* _Try it_
Search the entries for the word "Sofa" and copy each line that has it.

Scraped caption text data
══════════

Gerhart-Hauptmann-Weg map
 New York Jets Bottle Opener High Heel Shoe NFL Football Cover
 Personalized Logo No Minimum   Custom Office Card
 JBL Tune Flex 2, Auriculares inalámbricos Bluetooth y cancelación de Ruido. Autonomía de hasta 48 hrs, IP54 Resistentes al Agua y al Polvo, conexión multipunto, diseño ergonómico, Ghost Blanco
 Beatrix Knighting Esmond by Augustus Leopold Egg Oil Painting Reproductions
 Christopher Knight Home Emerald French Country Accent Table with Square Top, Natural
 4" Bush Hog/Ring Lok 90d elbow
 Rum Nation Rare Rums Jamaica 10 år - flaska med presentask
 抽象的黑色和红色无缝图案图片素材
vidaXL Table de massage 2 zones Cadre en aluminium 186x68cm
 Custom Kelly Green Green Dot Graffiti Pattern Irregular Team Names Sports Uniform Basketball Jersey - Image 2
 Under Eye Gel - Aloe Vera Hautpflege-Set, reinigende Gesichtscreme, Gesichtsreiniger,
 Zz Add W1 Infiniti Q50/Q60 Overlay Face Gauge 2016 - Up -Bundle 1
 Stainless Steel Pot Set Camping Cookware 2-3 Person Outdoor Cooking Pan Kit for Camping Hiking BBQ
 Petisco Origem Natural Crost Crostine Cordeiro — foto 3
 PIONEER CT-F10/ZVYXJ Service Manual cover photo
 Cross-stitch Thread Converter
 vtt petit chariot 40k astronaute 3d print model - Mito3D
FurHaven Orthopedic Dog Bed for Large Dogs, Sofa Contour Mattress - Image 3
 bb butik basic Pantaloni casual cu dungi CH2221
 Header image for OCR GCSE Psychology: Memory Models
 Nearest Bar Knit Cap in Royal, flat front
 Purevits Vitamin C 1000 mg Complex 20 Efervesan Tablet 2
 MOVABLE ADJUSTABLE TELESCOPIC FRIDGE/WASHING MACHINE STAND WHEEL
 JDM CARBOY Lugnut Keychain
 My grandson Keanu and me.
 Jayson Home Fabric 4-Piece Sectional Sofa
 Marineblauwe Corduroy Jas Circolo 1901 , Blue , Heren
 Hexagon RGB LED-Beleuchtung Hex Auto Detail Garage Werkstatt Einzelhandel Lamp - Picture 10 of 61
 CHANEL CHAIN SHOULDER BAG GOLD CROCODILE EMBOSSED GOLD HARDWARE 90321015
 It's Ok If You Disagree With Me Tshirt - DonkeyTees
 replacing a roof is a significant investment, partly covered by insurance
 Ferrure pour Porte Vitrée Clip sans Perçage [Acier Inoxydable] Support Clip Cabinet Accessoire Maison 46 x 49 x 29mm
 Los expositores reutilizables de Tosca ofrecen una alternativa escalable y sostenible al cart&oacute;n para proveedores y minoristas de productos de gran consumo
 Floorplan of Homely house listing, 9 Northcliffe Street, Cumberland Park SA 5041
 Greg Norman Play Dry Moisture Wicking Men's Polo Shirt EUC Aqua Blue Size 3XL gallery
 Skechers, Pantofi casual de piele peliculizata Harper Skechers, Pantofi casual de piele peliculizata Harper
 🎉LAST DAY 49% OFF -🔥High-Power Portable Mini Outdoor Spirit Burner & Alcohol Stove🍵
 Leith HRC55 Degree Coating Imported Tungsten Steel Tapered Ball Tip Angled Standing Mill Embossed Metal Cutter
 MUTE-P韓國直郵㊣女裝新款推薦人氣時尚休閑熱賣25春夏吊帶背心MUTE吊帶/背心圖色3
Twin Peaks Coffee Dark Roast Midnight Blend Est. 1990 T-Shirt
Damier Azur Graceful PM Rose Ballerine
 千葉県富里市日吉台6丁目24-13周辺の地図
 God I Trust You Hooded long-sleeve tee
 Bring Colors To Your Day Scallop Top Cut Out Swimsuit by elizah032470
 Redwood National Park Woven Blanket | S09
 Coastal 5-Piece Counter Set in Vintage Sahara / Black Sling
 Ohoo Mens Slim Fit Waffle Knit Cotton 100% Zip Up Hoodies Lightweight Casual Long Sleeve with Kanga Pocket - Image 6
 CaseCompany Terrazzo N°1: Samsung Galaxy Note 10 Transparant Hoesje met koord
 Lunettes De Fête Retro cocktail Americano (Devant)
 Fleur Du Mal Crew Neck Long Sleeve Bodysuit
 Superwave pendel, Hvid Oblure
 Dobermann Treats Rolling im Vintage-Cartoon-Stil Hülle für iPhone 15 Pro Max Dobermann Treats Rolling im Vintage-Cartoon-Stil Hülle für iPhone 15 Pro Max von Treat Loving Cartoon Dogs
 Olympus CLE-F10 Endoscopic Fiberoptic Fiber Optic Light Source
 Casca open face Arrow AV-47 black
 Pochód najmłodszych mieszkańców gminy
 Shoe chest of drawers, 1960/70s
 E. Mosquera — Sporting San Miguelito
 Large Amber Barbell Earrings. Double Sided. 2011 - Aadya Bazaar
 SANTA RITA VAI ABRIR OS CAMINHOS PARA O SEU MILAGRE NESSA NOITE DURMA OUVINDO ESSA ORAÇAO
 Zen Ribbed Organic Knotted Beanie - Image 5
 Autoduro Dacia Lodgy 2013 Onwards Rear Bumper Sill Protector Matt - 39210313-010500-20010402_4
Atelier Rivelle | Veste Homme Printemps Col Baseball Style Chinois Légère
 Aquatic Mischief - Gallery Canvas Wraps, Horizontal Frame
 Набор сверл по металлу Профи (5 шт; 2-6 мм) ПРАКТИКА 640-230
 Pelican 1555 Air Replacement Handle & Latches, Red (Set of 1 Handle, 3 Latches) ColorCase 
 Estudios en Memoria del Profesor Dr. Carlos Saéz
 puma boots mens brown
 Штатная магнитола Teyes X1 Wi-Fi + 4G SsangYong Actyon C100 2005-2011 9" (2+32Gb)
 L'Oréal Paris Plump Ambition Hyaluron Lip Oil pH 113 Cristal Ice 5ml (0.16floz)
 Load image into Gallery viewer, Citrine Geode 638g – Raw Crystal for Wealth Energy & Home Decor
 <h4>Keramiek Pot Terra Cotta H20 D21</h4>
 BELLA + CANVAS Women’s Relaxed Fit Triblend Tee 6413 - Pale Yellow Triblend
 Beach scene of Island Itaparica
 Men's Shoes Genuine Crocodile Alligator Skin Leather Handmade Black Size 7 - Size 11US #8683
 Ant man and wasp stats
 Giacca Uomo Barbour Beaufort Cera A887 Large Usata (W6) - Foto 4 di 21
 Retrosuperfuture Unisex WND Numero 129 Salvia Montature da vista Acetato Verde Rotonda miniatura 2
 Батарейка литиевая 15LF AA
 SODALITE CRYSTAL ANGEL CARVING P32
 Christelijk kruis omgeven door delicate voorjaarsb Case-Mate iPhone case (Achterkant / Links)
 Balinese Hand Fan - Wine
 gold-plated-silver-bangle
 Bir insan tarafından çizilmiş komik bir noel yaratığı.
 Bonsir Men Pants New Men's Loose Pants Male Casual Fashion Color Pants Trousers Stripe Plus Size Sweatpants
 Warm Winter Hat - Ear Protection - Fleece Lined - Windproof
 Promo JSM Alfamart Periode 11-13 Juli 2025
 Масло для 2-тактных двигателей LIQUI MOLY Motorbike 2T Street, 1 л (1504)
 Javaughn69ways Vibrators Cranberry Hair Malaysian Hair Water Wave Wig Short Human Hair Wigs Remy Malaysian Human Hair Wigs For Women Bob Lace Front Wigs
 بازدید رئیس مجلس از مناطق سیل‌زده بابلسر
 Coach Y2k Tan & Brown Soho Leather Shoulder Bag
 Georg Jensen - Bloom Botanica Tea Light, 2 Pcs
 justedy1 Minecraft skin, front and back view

══════════

* _Expected output_
FurHaven Orthopedic Dog Bed for Large Dogs, Sofa Contour Mattress - Image 3
 Jayson Home Fabric 4-Piece Sectional Sofa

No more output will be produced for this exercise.